Resumen

  • RFC 9865 añade a SCIM un cursor opaco para pedir la página siguiente de la misma consulta, con el mismo endpoint y los mismos parámetros.
  • La especificación obliga a seguir aplicando la autorización de la identidad presente: tener el cursor no añade privilegios sobre ningún recurso.

Un proceso de alta o baja de identidades suele fallar en una transición pequeña: la primera página se obtiene con una cuenta autorizada, se guarda el nextCursor, cambian las pertenencias de grupo y más tarde un trabajo automático continúa como si el primer permiso hubiera quedado sellado dentro del valor. La comodidad es real; la conclusión no. RFC 9865 separa la continuidad de la consulta de la continuidad del derecho.

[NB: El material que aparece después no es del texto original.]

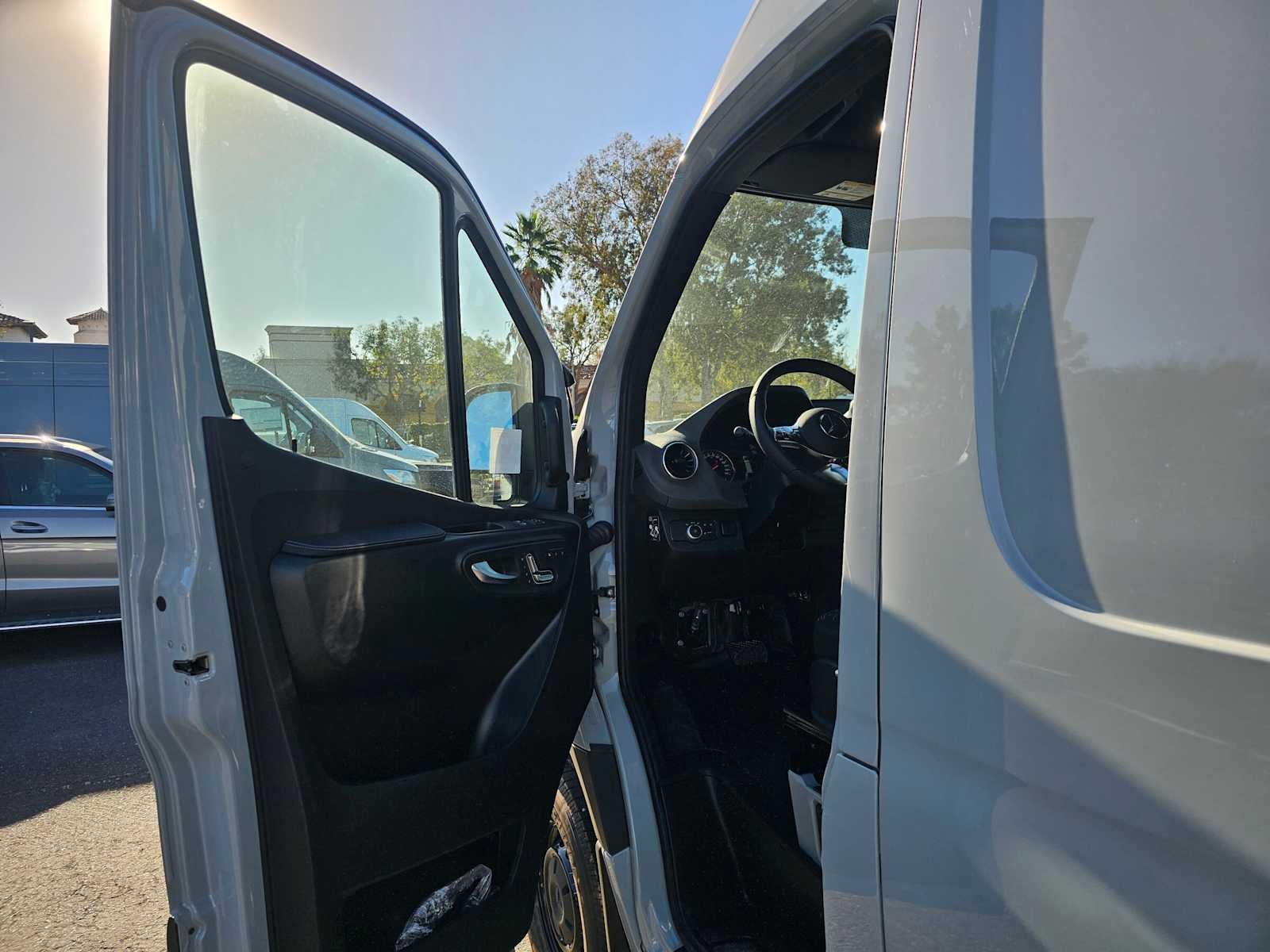 2027 Mercedes-Benz Sprinter Cargo 2500 Standard Roof I4 Diesel HO 144 AWD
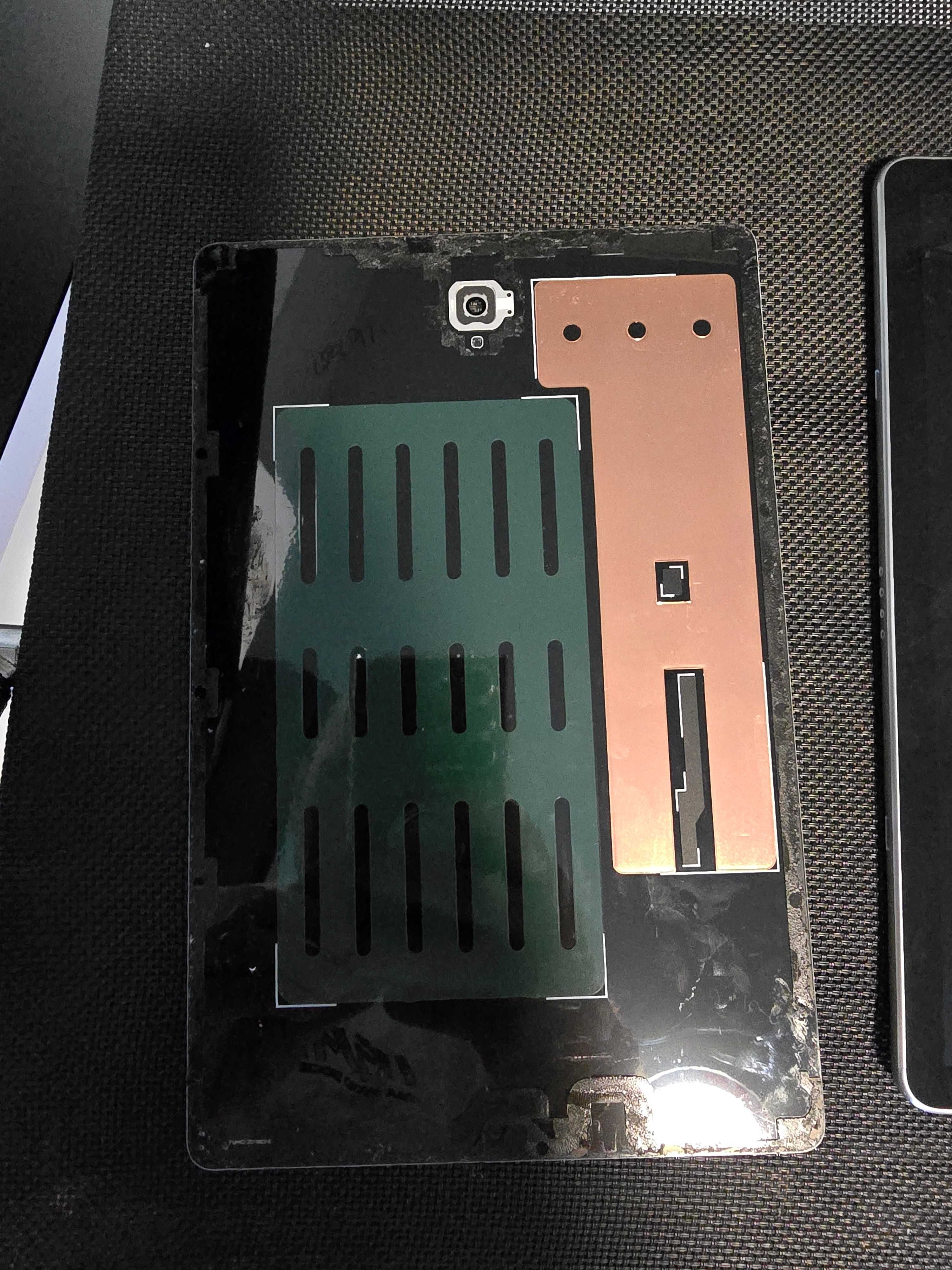 Vand Tableta Galaxy Tab S4 White cu memoria arsa pe placa de baza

La primera petición usa cursor vacío o lo omite. Para avanzar, el cliente conserva el mismo endpoint del proveedor y todos los parámetros y valores originales; sólo sustituye el cursor por un nextCursor o previousCursor que recibió. El valor es opaco para el cliente. Salvo en la última página, una respuesta paginada debe llevar nextCursor; previousCursor es opcional y no cabe en la primera página. La regla preserva la identidad de la consulta. No preserva, por sí sola, la autoridad del actor ni el estado del conjunto de recursos.

Tampoco debe leerse el tamaño de la respuesta como una promesa de completitud. count fija un máximo deseado: el proveedor no puede devolver más, aunque sí puede devolver menos. El valor cero pide sólo totalResults, y este total puede omitirse si el proveedor no puede estimarlo. Que una página tenga cien identidades no demuestra que sean las únicas cien, que sigan siendo las mismas en el siguiente minuto ni que el cliente deba actuar sobre ellas sin otra comprobación. RFC 9865 admite que el cursor sea el único método de paginación y deja que el proveedor anuncie, si quiere, su modalidad predeterminada y sus capacidades.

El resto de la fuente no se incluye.